44. On November 14, 2012, MHR filed an amended Form 10-Q restating its June 30, 2012 financial statements to correct a material error related to stock-based compensation and certain other errors. MHR disclosed that management concluded that material weaknesses existed as of June 30, 2012 related to (i) a lack of sufficient, qualified personnel to design and manage an effective control environment; (ii) MHR’s period-end financial reporting process; and (iii) controls over calculation and review of share-based compensation expense. MHR also disclosed management’s plans to remediate and improve the company’s ICFR and disclosure controls and procedures.
45. Before restating, MHR’s Audit Committee met on October 19, 2012 to understand how the company had materially understated option based compensation expense in the second quarter. Ormand reported that the person responsible for reviewing the calculation signed off without reviewing it. Also at that meeting, Gray “restated that the root cause [of the error] was inadequate and inappropriately aligned staffing of the accounting department.”
b. MHR’s Disclosed Material Weaknesses in its September 30, 2012 Form 10-Q.
46. On November 13, 2012, MHR’s Audit Committee met and approved the company’s Form 10-Q for the third quarter-ended September 30, 2012. That filing disclosed the same three material weaknesses existed at September 30, 2012 that had been disclosed in MHR’s amended June 30, 2012 Form 10-Q.
c. MHR Delinquently Files its 2012 Form 10-K and Discloses Material Weaknesses.
47. MHR delinquently filed its 2012 Form 10-K on June 14, 2013. In it, MHR disclosed fourteen material weaknesses as of December 31, 2012, including that “[i]n certain areas the Company did not have sufficient personnel with an appropriate level of knowledge, experience and training commensurate with the growth of the Company’s corporate structure and financial reporting requirements” and not upgrading “resources around internal audit, tax, financial reporting and certain accounting areas.”
48. MHR’s internal analysis of the material weaknesses posed by its understaffed accounting department, as disclosed in its 2012 Form 10-K, recognized that the “significant deficiency identified at year-end 2011 does not appear[] to be remediated. Personnel do not appear to have the competence and training necessary for their assigned level of responsibility.”
v. MHR Remediates Inadequate and Inappropriately Aligned Staffing in the Third Quarter 2013
49. On November 8, 2013, MHR filed its Form 10-Q for the quarter-ended September 30, 2013. While concluding that the Company’s ICFR was not effective as of September 30, 2013, management concluded that the material weakness that existed at quarter-end concerning accounting staff inadequacies had subsequently been remediated.
D. VIOLATIONS
i. MHR Violated Sections 13(a), 13(b)(2)(A), and 13(b)(2)(B) of the Exchange Act and Rules 13a-1, 13a-13, and 13a-15(a) thereunder.
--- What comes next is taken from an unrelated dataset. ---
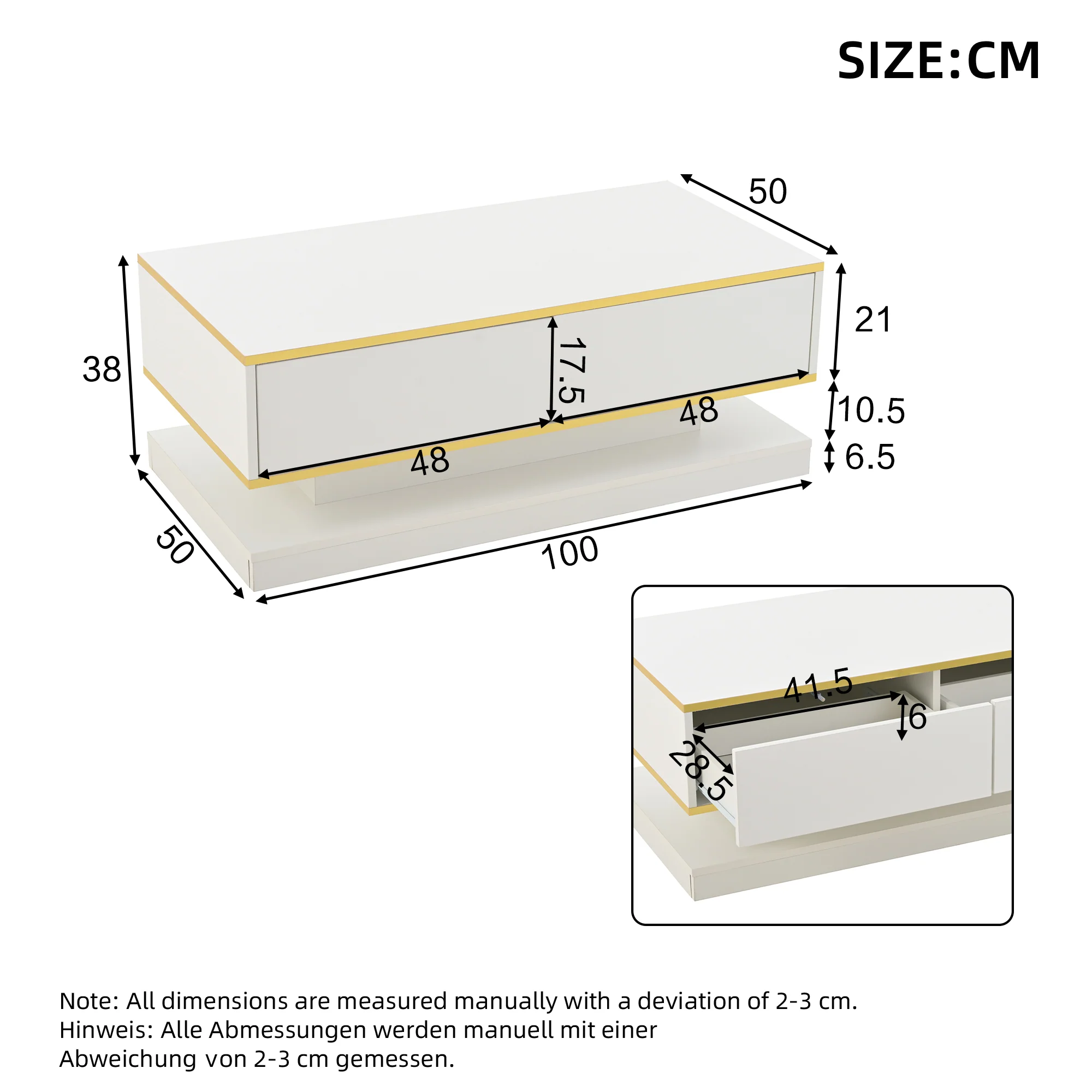 Coffee Table 100x50x38cm High Gloss with 2 Drawers, Warm White and Gold Edge - Image 8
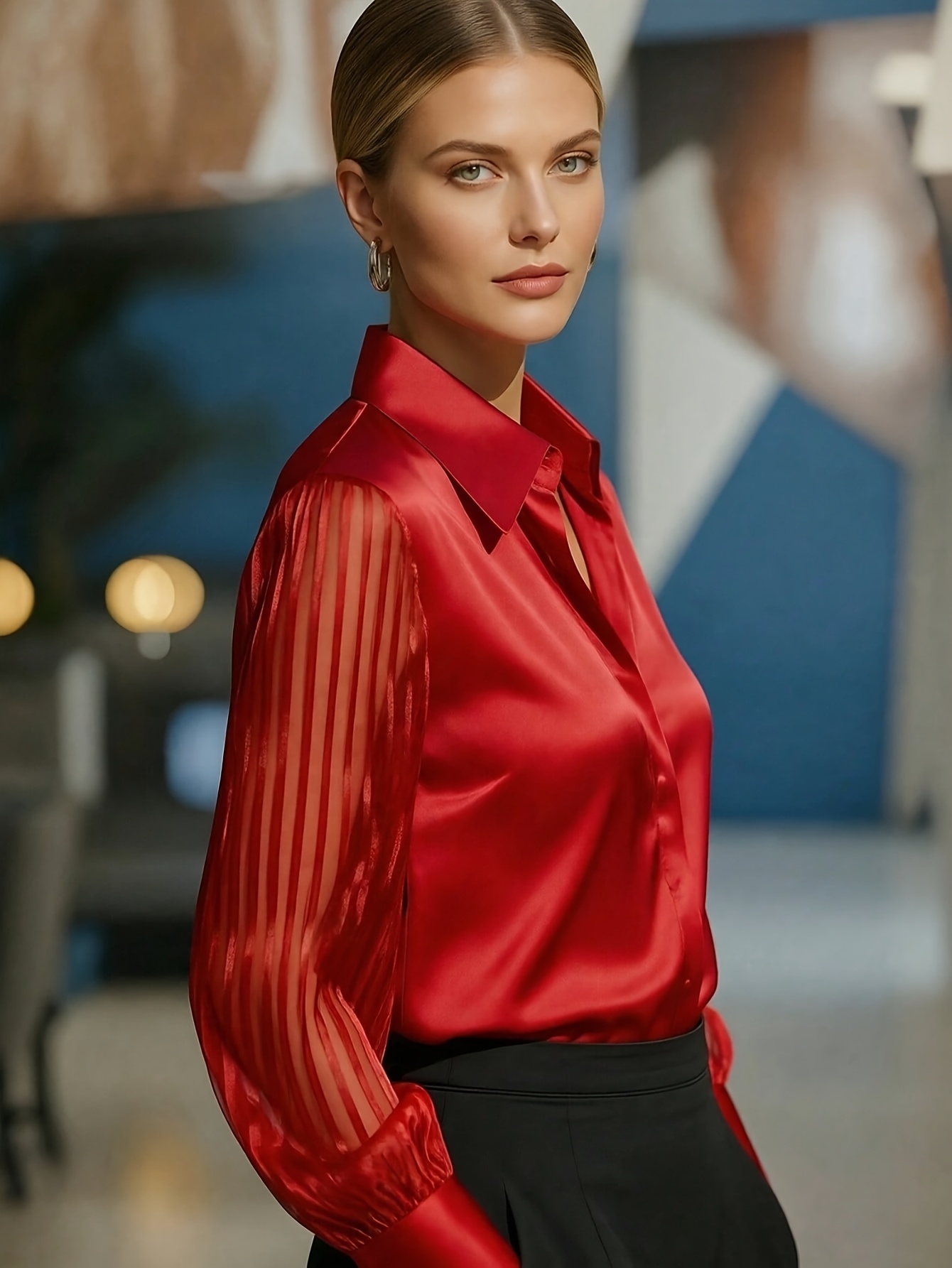 Camicia urbana elegante da donna ASD1 Directional in raso, tinta unita, con colletto elegante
50. As a result of the conduct described above, MHR violated Section 13(b)(2)(A) of the Exchange Act, which requires Section 12 registrants to make and keep books, records, and accounts, which in reasonable detail, accurately and fairly reflect the transactions and dispositions of the assets of the issuer, and Section 13(b)(2)(B) of the Exchange Act, which requires Section 12 registrants to devise and maintain a system of sufficient internal accounting controls.
51. As a result of the conduct described above, MHR violated Section 13(a) of the Exchange Act and Rules 13a-1 and 13a-13, thereunder, which require issuers with classes of securities registered pursuant to Section 12 to file periodic and other reports with the Commission and Rule 13a-15(a) which requires issuers to maintain ICFR.
IV.
In view of the foregoing, the Commission deems it appropriate to impose the sanctions agreed to in Respondent’s Offer.
Accordingly, pursuant to Section 21C of the Exchange Act, it is hereby ORDERED that:
A. Respondent shall cease and desist from committing or causing any violations and any future violations Sections 13(a), 13(b)(2)(A) and 13(b)(2)(B) of the Exchange Act and Rules 13a-1, 13a-13, and 13a-15(a) thereunder.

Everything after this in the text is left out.